Content starts

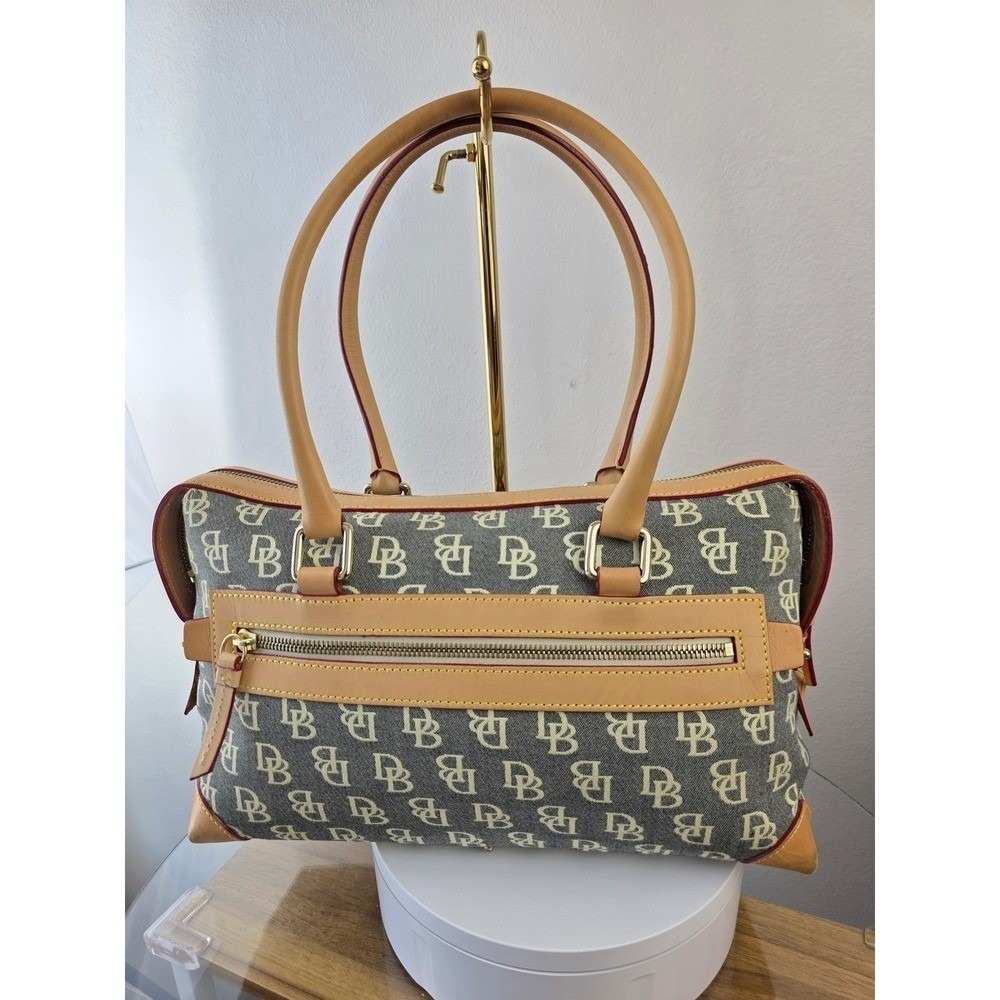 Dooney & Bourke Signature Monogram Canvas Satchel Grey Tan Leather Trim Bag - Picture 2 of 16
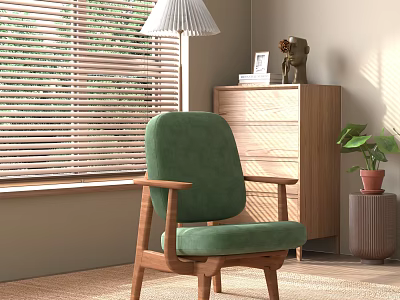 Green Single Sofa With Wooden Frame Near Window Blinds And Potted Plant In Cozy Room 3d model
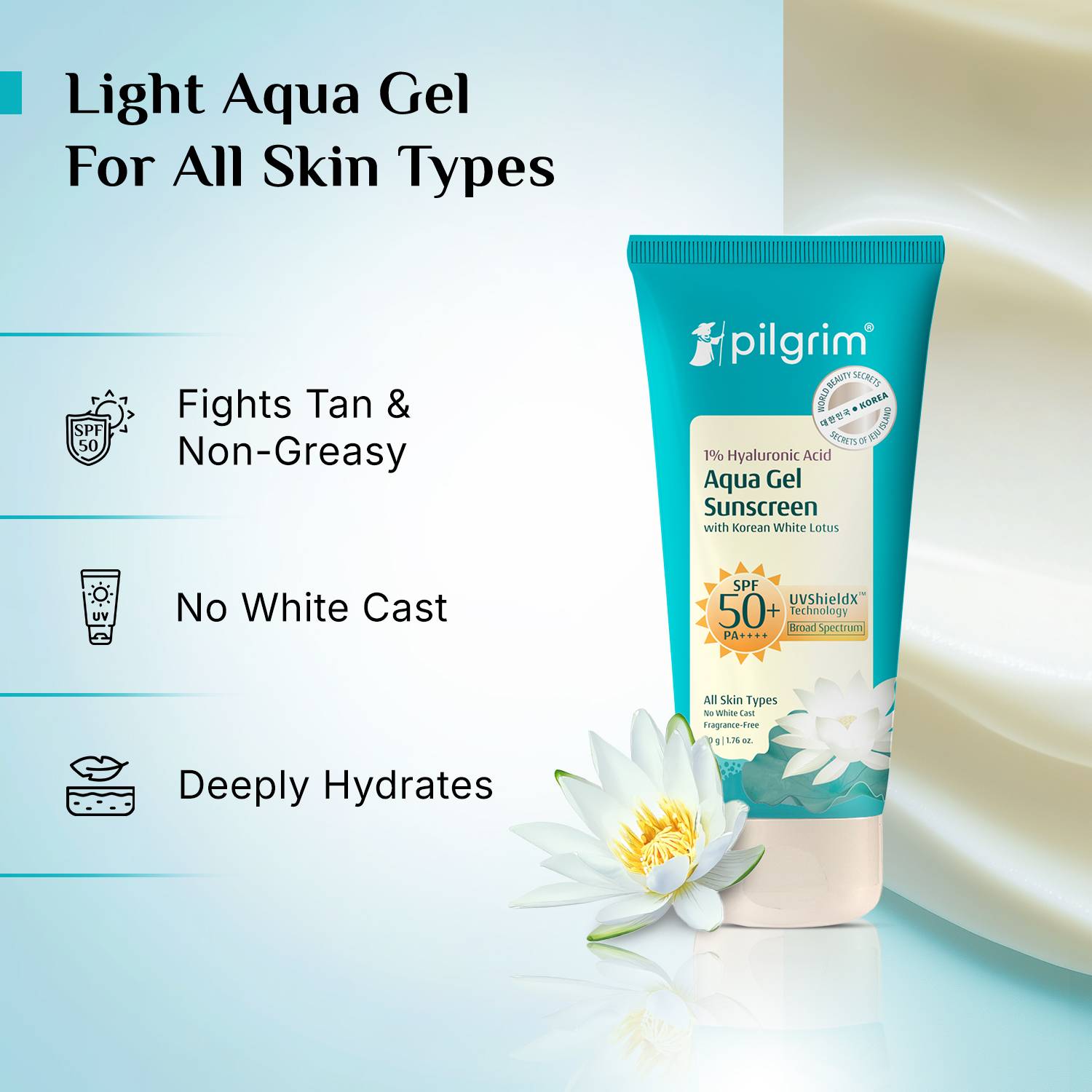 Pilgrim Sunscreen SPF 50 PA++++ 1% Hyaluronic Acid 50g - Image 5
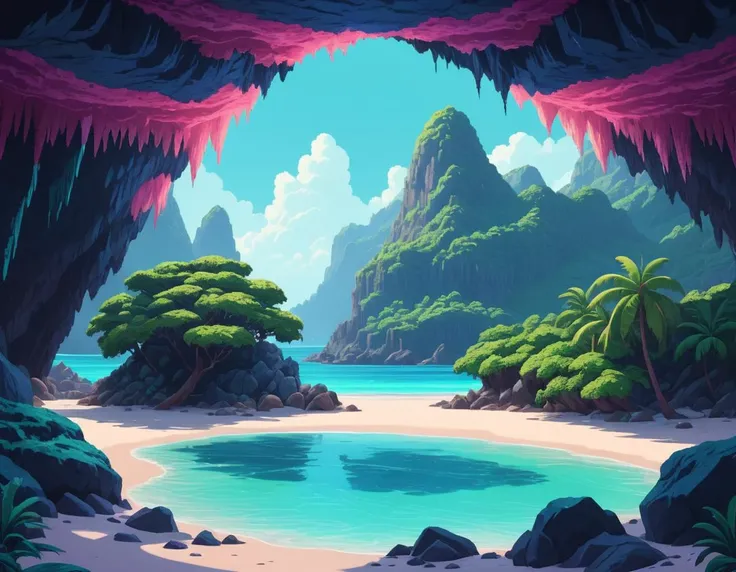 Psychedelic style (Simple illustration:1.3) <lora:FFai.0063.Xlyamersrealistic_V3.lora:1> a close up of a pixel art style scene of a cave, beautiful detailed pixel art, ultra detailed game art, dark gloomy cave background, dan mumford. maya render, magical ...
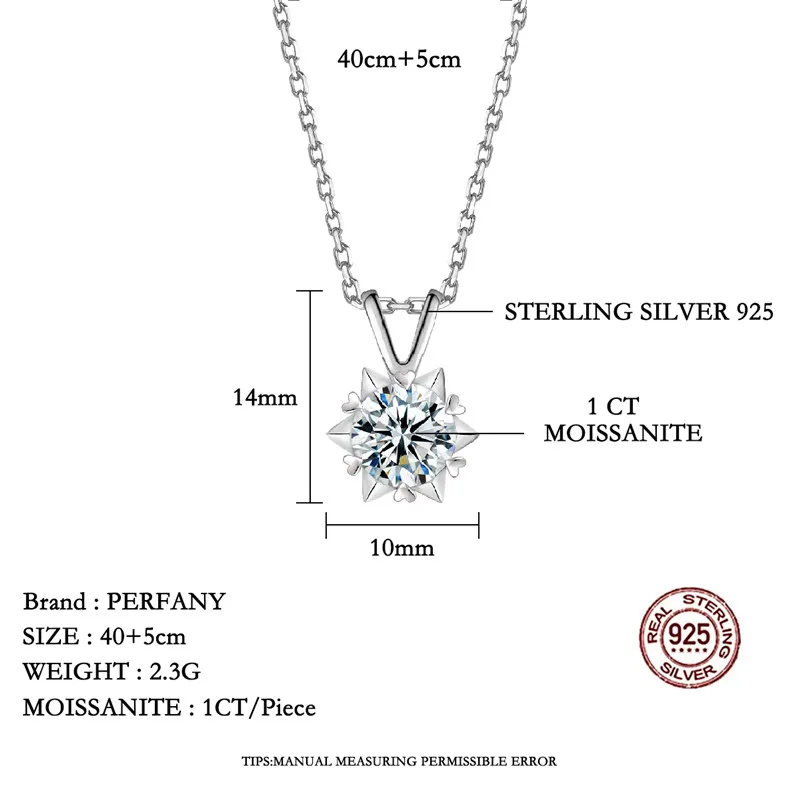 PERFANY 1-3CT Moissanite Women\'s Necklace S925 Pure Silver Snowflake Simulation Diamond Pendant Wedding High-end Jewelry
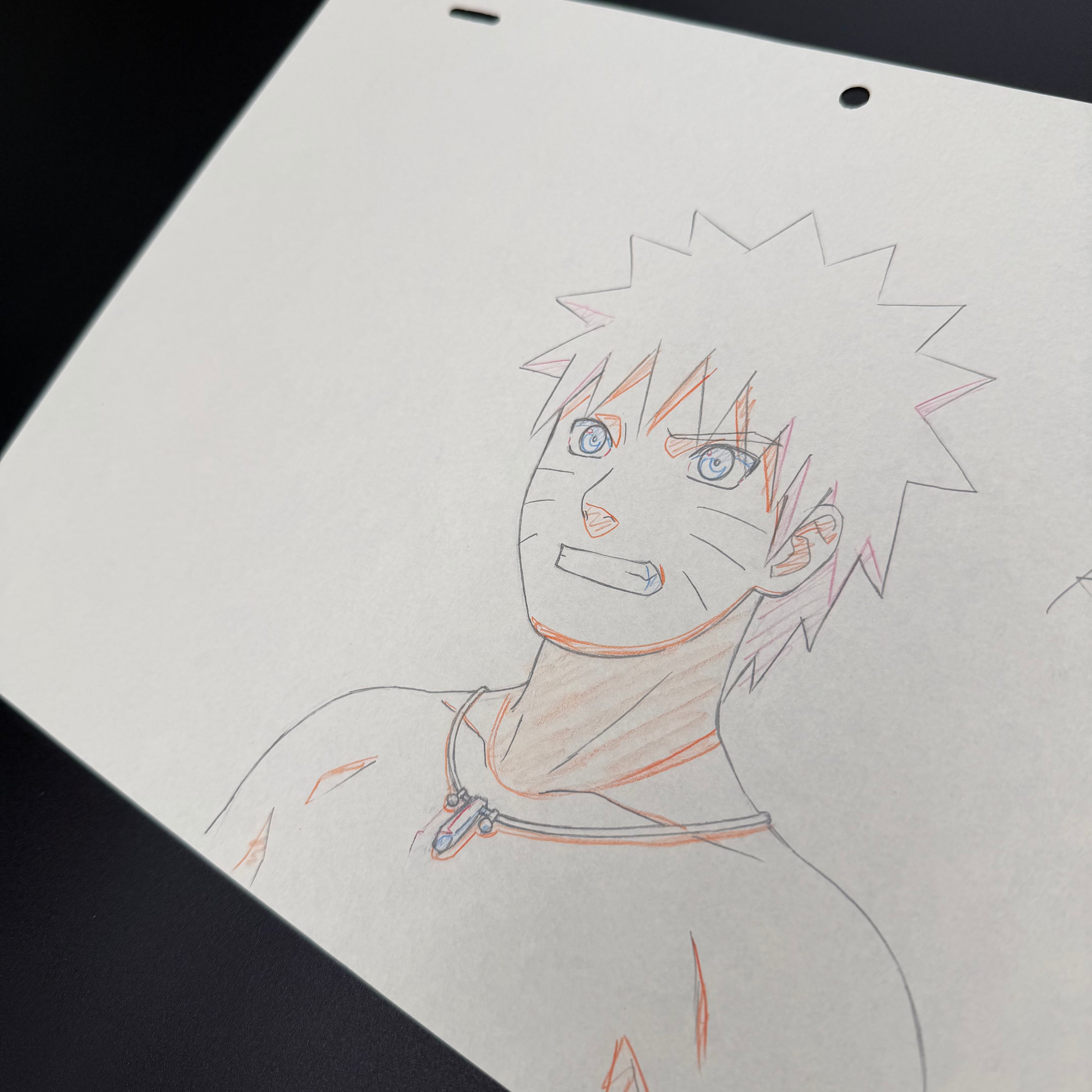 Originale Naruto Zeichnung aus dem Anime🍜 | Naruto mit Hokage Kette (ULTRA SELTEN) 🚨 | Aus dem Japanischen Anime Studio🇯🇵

Content ends

The data above should be restated exactly, with its images dropped.

 Dooney & Bourke Signature Monogram Canvas Satchel Grey Tan Leather Trim Bag - Picture 2 of 16
 Green Single Sofa With Wooden Frame Near Window Blinds And Potted Plant In Cozy Room 3d model
 Pilgrim Sunscreen SPF 50 PA++++ 1% Hyaluronic Acid 50g - Image 5
 Psychedelic style (Simple illustration:1.3) <lora:FFai.0063.Xlyamersrealistic_V3.lora:1> a close up of a pixel art style scene of a cave, beautiful detailed pixel art, ultra detailed game art, dark gloomy cave background, dan mumford. maya render, magical ...
 PERFANY 1-3CT Moissanite Women\'s Necklace S925 Pure Silver Snowflake Simulation Diamond Pendant Wedding High-end Jewelry
 Originale Naruto Zeichnung aus dem Anime🍜 | Naruto mit Hokage Kette (ULTRA SELTEN) 🚨 | Aus dem Japanischen Anime Studio🇯🇵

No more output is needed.